Agent egress proxy. Route all MCP traffic through a proxy that logs connection attempts. Pipelock’s MCP proxy logs every server the agent connects to, every tool it calls, and every response it receives. When a new server appears in the flight recorder that was not in the approved config, the log is the evidence. A proxy combined with network isolation (container namespaces, iptables rules, or cloud VPC egress controls) is the strongest enforcement because the agent physically cannot reach a server without going through the proxy. Without that isolation, proxy configuration alone can be bypassed by a prompt injection that resets environment variables.
Package manager inventory. List all npm, uv, pip, and cargo packages on developer machines and build environments with MCP identifiers in their names or metadata. Cross-reference against the approved list.
One method alone leaves gaps. A developer who manually types server commands into an IDE bypasses the package scan. A server that only runs in CI bypasses the process monitor on developer laptops. A stdio server bypasses network monitoring. Combining the six closes the gaps.
How to assess a newly discovered shadow MCP server
When you find one, you need to decide: approve, remediate, or block. This is the review checklist.

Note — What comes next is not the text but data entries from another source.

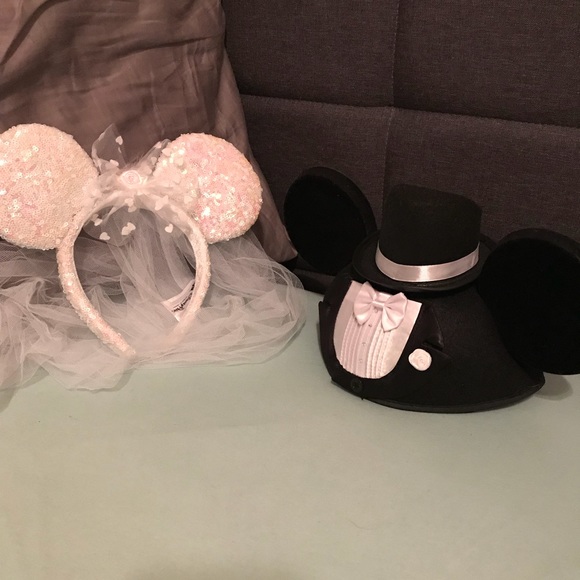 Detail Disney Bride And Groom Ears Nomer 47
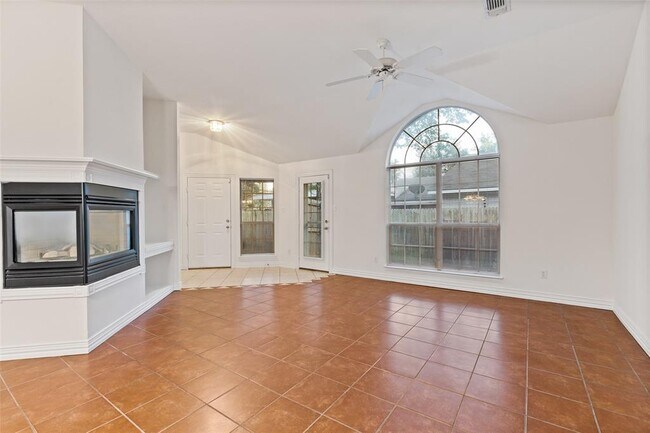Building Photo - 235 S Briery Rd
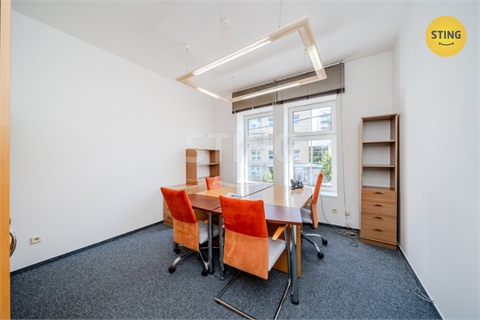 Pronájem kanceláře, 250 m² - 24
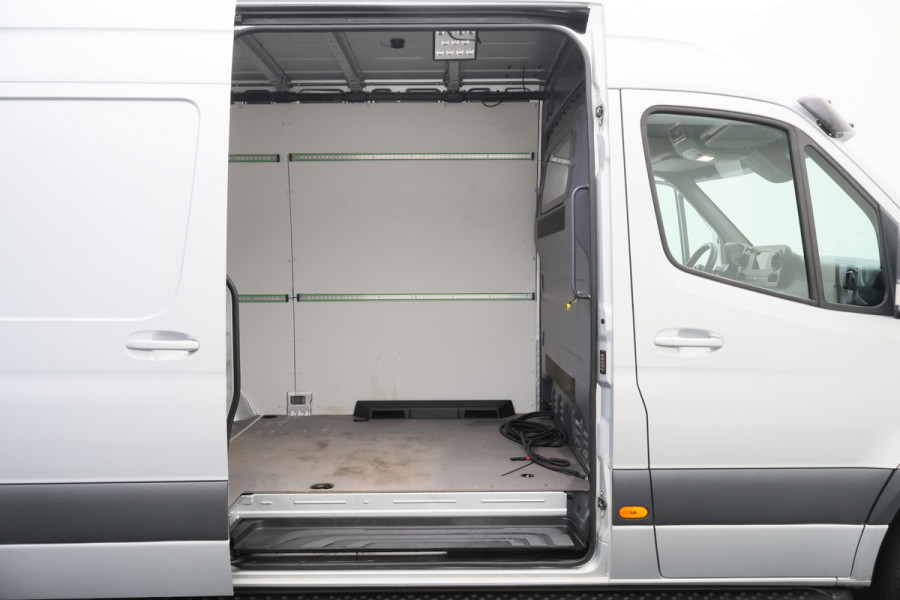 Mercedes-Benz Sprinter 316 2.2 CDI Aut. L2H2 Standkachel, LED, Camera, Cruise, Apple Carplay, Airco, Zonneklep, Trekhaak, 18''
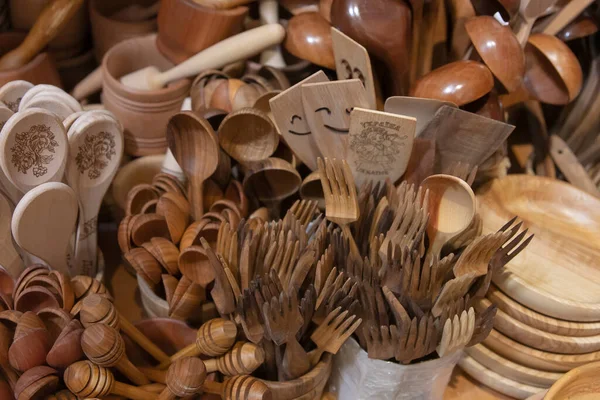 Ahşap mutfak aletleri ve el yapımı pişirme aletleri el sanatları pazarında sergileniyor.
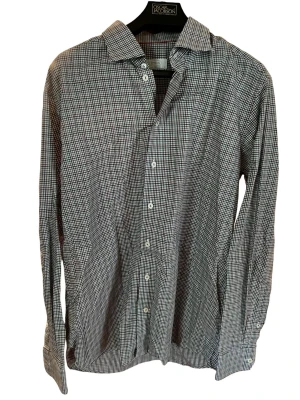 Rutig skjorta från Eton ”Contemporary fit” (43) - Klassisk rutig skjorta från Eton i 100% bomull. Skjortan har lång ärm, knappar framtill och en tidlös krage. Perfekt för dig som gillar stilrena och bekväma plagg med diskret mönster.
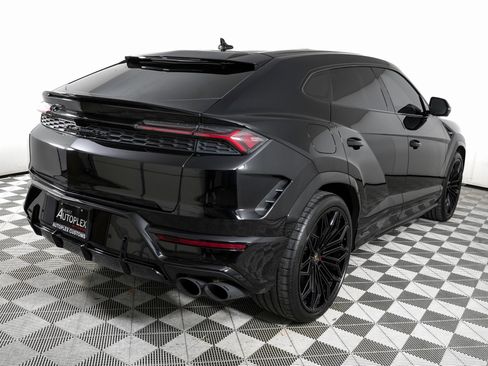 Used 2025 Lamborghini Urus SE image 5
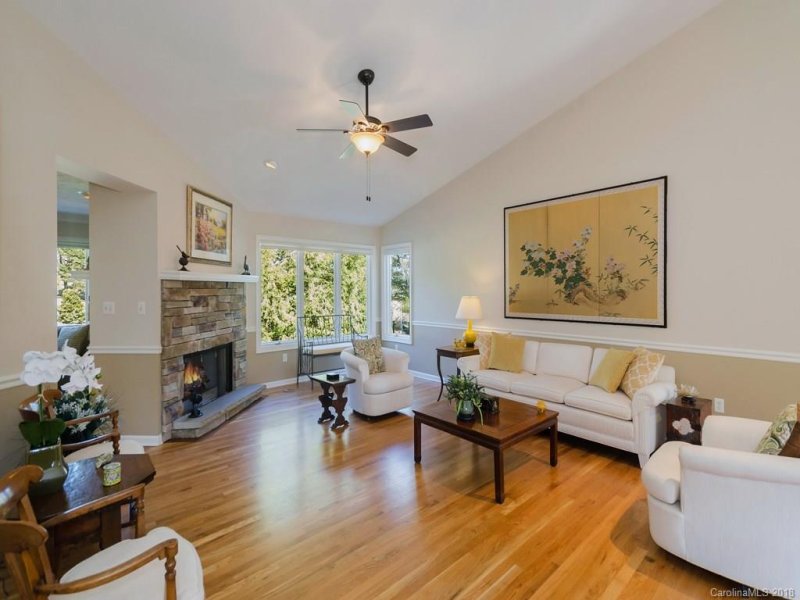 Property image 4 at 116 Cypress Point, Hendersonville, NC 28739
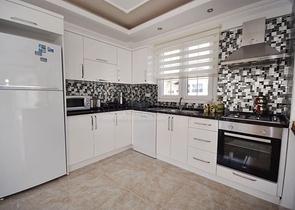 فيلا فسيحة 6 + 1 مع مسبح خاص في فتحية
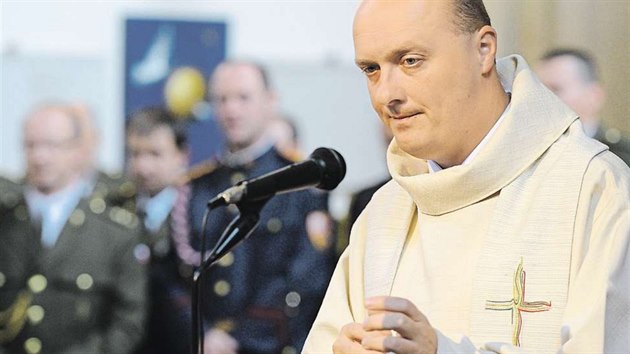 Jaroslav Knichal psob jako kaplan v armd u 13 let, hlavnm kaplanem je rok a pl.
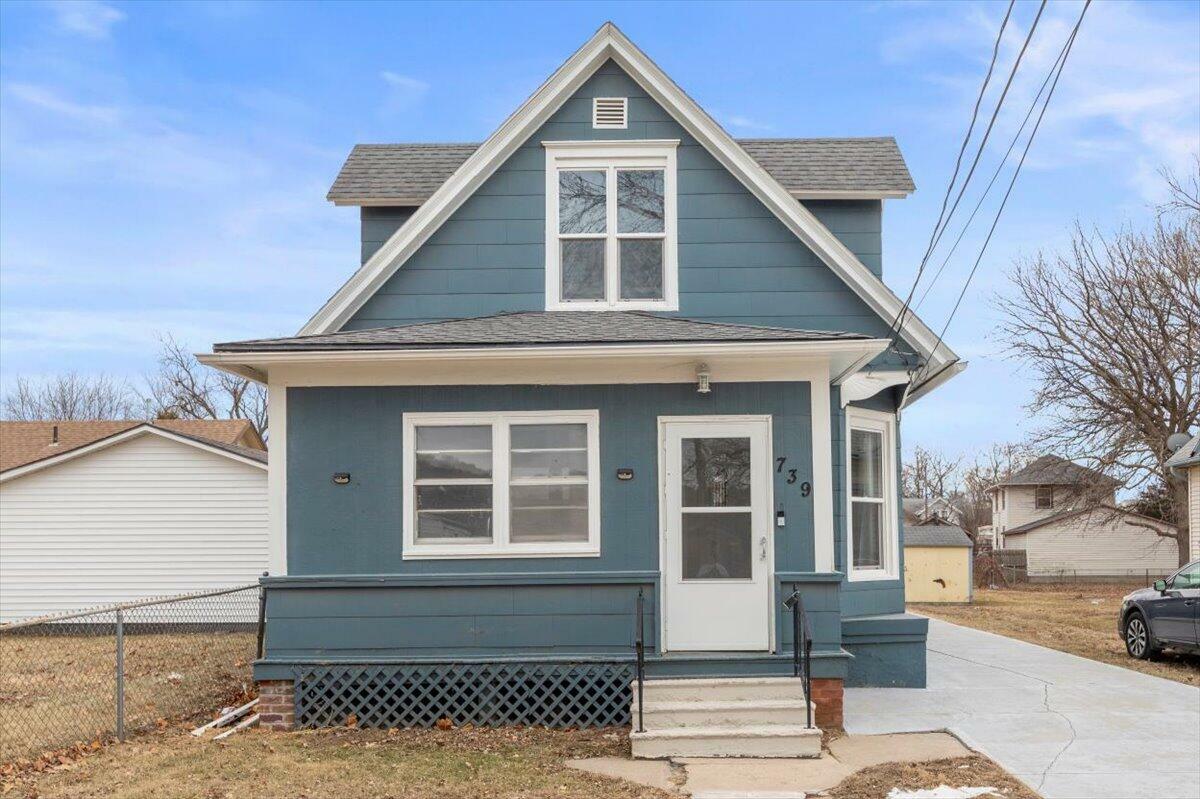 Property Photo:  739 Avenue E  IA 51503 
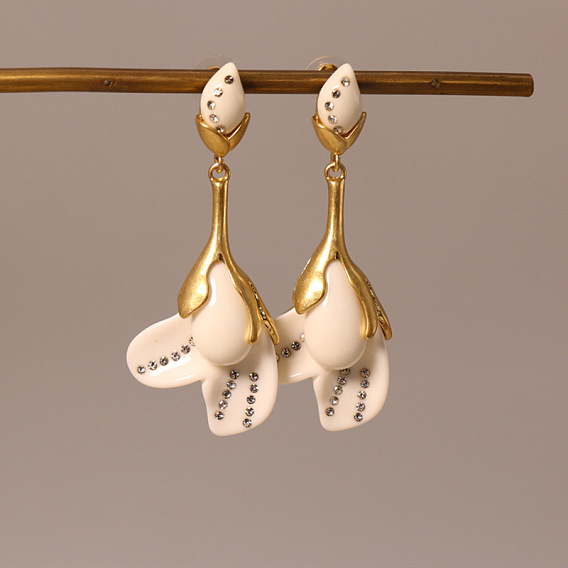 Серьги-гвоздики с цветком из латуни и смолы, с фурнитурой для сережек из сплава, матовый золотой цвет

Who wrote and maintains it. Identify the author and check their publication history. A server from an established vendor is a different risk than one from a one-off account with no track record. An unmaintained server is a stuck attack surface.
Is the source auditable. For open source servers, check the repository for license, README, commit history, and issue activity. A server with no tests, no issues, and a single commit from 2024 is not ready for production use, shadow or not.
What tools it exposes and what permissions those tools need. Connect through a proxy and pull tools/list. Read the full descriptions, including parameter names, defaults, and schemas. A server that exposes read_file, write_file, and execute_shell has a different threat model than one that exposes search_docs and format_text. Match the tool surface against the agent’s intended purpose.
Does it handle credentials. Check whether the server accepts auth tokens, API keys, or cookies as input. A server that stores credentials on disk is a credential risk. A server that forwards credentials to a third party is an exfiltration risk. Both are fine if you know and trust the design. Both are dangerous if you do not.
Does it make network calls to third-party services. Many MCP servers are facades over external APIs. Understand which services it contacts, what data it sends, and what data it retrieves. A shadow server calling out to an unfamiliar domain should be blocked at the egress layer until the destination is approved.
Does it have a threat model documented. Mature server authors state what they protect against and what they don’t. Absence is not a reason to block, but it raises the bar for review depth.
Is it covered by any scanner. Run it through Cisco mcp-scanner, Snyk agent-scan, or Enkrypt AI. These pre-deploy scanners check tool descriptions for injection patterns and known-bad structures. A clean scan does not guarantee the server is safe, but a hit is a hard block.
At the end of review, write down the decision, the reviewer, and the date. That record is what turns a shadow server into an inventoried one.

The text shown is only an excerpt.